From 0e4399b053093a68568cb7816092b2a6f6208995 Mon Sep 17 00:00:00 2001
From: David O'Shea <dcoshea@hotmail.com>
Date: Sat, 29 Sep 2012 23:19:08 +0930
Subject: [PATCH 1/4] Use UTF-8 for decoding of sign text from world

When using the dumpSigns command, if non-ASCII characters were present
in the sign text, a UnicodeDecodeError exception would occur when
concatenating the text from the sign with 'u"\n"'.

This fix decodes the sign text as UTF-8, which appears to be
consistent with the behaviour of Minecraft 1.2.5 for the following
sign text as dumped in Python using repr():
'\xc2\xa3$\xc2\xa3$\xc2\xa3$\xc2\xa3$\xc2\xa3$\xc2\xa3$\xc2\xa3$\xc2\xa3'

Additionally, this fix ensures the output file includes a signature
which makes it easier for tools to work out that the file contains
UTF-8.
---
 mce.py | 13 +++++++++++--
 1 file changed, 11 insertions(+), 2 deletions(-)

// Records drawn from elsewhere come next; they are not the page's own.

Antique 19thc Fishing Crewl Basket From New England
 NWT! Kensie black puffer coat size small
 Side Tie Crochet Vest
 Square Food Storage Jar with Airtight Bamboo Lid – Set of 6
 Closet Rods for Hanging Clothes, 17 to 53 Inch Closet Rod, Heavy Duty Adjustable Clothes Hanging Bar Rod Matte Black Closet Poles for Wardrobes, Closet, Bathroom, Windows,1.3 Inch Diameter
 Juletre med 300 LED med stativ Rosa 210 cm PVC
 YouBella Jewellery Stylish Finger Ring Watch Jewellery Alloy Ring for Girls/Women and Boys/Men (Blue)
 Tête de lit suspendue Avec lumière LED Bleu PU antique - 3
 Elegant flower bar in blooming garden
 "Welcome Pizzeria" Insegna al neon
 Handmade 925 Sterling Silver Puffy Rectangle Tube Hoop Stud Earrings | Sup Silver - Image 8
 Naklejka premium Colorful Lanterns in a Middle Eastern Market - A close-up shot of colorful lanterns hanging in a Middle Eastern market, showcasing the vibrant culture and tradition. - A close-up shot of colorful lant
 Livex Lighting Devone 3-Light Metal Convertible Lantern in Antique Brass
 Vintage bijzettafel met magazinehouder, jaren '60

diff --git a/mce.py b/mce.py
index d95dc8b..e7bafb6 100644
--- a/mce.py
+++ b/mce.py
@@ -604,7 +604,15 @@ class mce(object):
         else:
             filename = self.level.displayName + ".signs"
 
-        outFile = codecs.open(filename, "w", encoding='utf-8')
+        # It appears that Minecraft interprets the sign text as UTF-8,
+        # so we should decode it as such too.
+        decodeSignText = codecs.getdecoder('utf-8')
+        # We happen to encode the output file in UTF-8 too, although
+        # we could use another UTF encoding.  The '-sig' encoding puts
+        # a signature at the start of the output file that tools such
+        # as Microsoft Windows Notepad and Emacs understand to mean
+        # the file has UTF-8 encoding.
+        outFile = codecs.open(filename, "w", encoding='utf-8-sig')
 
         print "Dumping signs..."
         signCount = 0
@@ -621,7 +629,8 @@ class mce(object):
 
                     outFile.write(str(map(lambda x: tileEntity[x].value, "xyz")) + "\n")
                     for i in range(4):
-                        outFile.write(tileEntity["Text{0}".format(i + 1)].value + u"\n")
+                        signText = tileEntity["Text{0}".format(i + 1)].value
+                        outFile.write(decodeSignText(signText)[0] + u"\n")
 
             if i % 100 == 0:
                 print "Chunk {0}...".format(i)

From 96c155909e317d13a13d4b7e1f08efa651a9b60c Mon Sep 17 00:00:00 2001
From: David O'Shea <dcoshea@hotmail.com>
Date: Sat, 29 Sep 2012 23:24:56 +0930
Subject: [PATCH 2/4] Correct references to ChunkMalformed exception in
 dumpSigns/dumpChests

The exception handlers in the dumpSigns and dumpChests commands
referenced ChunkMalformed in the wrong package.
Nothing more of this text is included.